Just after hearing the news, my boss asked, "Why do you want to learn Chinese?" I thought this was unusual coming from my Chinese boss. I explained my reasons and let the discussion pass to other topics. Then yesterday, I was asked the same question by one of the office staff at the end of our weekly meeting. I was again asked by a Korean professor later in the day.

The most confusing part of this question is that they all know I've been living in China for more than two years and that my wife is Chinese. Naturally, I'd think that those two reasons would be enough for anyone to want to learn the language.

Monday, December 03, 2007

More Norton Complaints & Some Fun

I've mentioned more than a few times that I'm disgruntled with Norton Internet Security. It just slows my computer down to the speed of a retarded tortoise on depressants.

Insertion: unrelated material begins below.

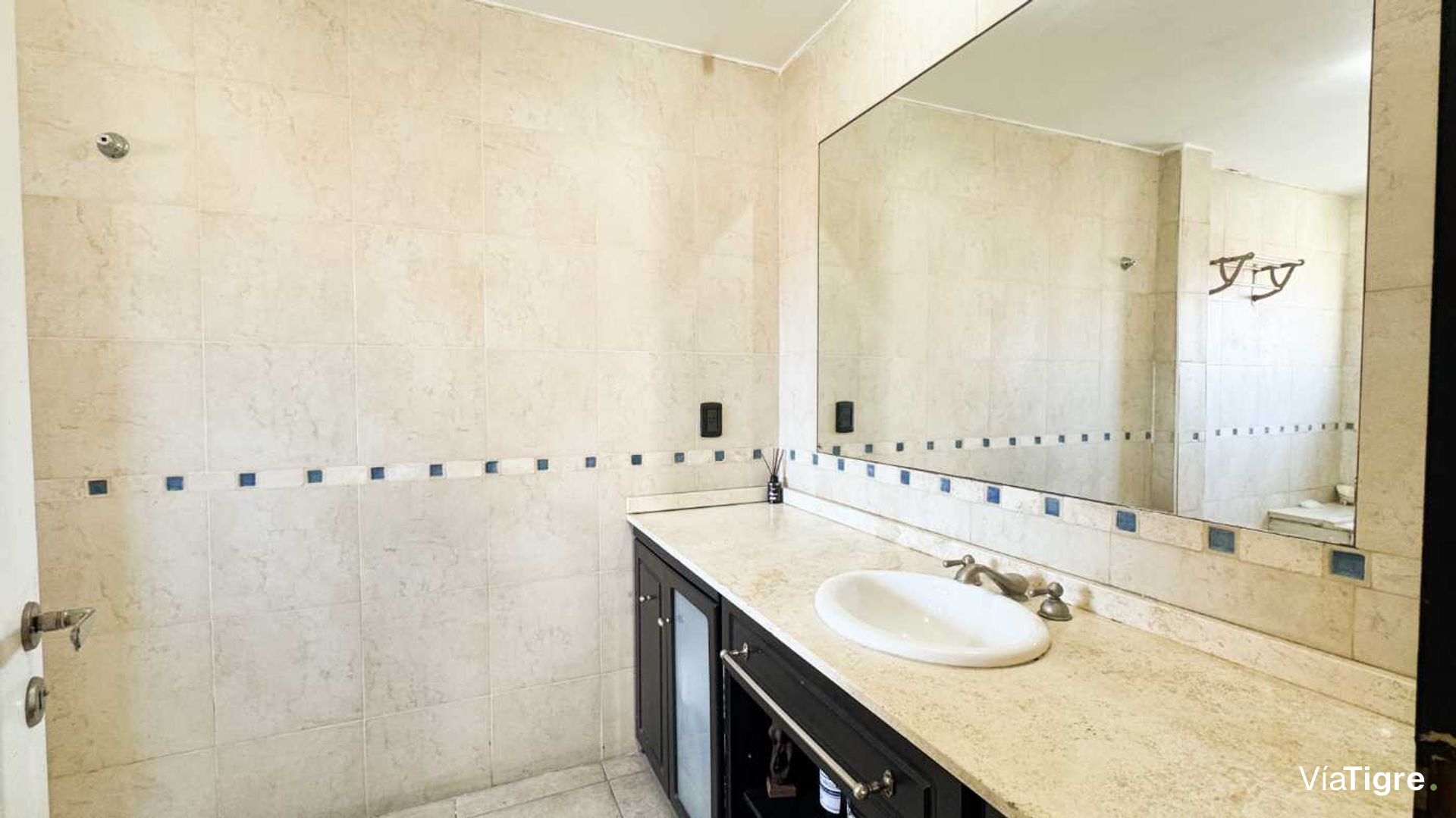 Venta Casa 4 Amb. Con Cochera Y Pileta En Olivos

Last week I received an e-mail from the company saying that I could upgrade to the newest version, which is supposedly faster. I figured, what the hell--I'm already paying for it. I decided it couldn't possibly be slower than the version I purchased.

I spent two hours downloading the new version. Then I let it install for another two. I noticed that nothing was happening with the install and so had to shut it down (a difficult task to accomplish). I tried to reinstall the new version and kept receiving error messages. The next day, I downloaded an uninstall program from Symantec, as per the advice of tech support and ran that. Then I rebooted and reinstalled the new version. After about an hour, it finally worked. In total, I figure I wasted a good five hours of my weekend on this piece of crap--and I don't notice my computer running any faster. I plan to switch to a different program when my subscription is up in August.

On another note, I came across a great Web page today. It has a bunch of Chinese slogans translated into English. This is why I really need to learn to read more--I see loads of banners with slogans everyday and wonder what they say. All I've come across that I can understand are the English sign in Shekou that reads, "Empty talk endangers the nation" and the sign near Phoenix mountain that translated into "Today's special: stupid chicken, duck."